◆ What the task asks ◆
The response should consist only of the lines from the one with "Зарядное устройство Canyon" to the end of the data below, copied exactly and without pictures.

◆ Information provided ◆

----

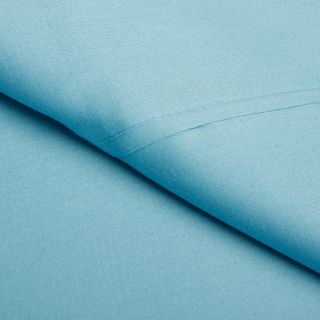 Elite Home Products, Inc Brights Solid Wrinkle Resistant All Cotton Sheet Set Blue Size Twin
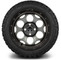 Lakeside Buggies MODZ 14" Militia Gunmetal Wheels & Off-Road Tires Combo- G1-5422-GM OFF-ROAD OPTION Modz Tire & Wheel Combos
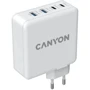 Зарядное устройство Canyon Wall Charger H-100 2xUSB-C+2xUSB GaN 100W White (CND-CHA100W01)
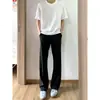 Pantalones de Traje Holgados para Hombre Estilo Callejero Japonés Otoño 2026 Color Sólido Simple Resistentes a las Arrugas Tacto de Alta Gama Microbocana Pantalones Largos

----

◆ Output of the task ◆
 Зарядное устройство Canyon Wall Charger H-100 2xUSB-C+2xUSB GaN 100W White (CND-CHA100W01)
 Pantalones de Traje Holgados para Hombre Estilo Callejero Japonés Otoño 2026 Color Sólido Simple Resistentes a las Arrugas Tacto de Alta Gama Microbocana Pantalones Largos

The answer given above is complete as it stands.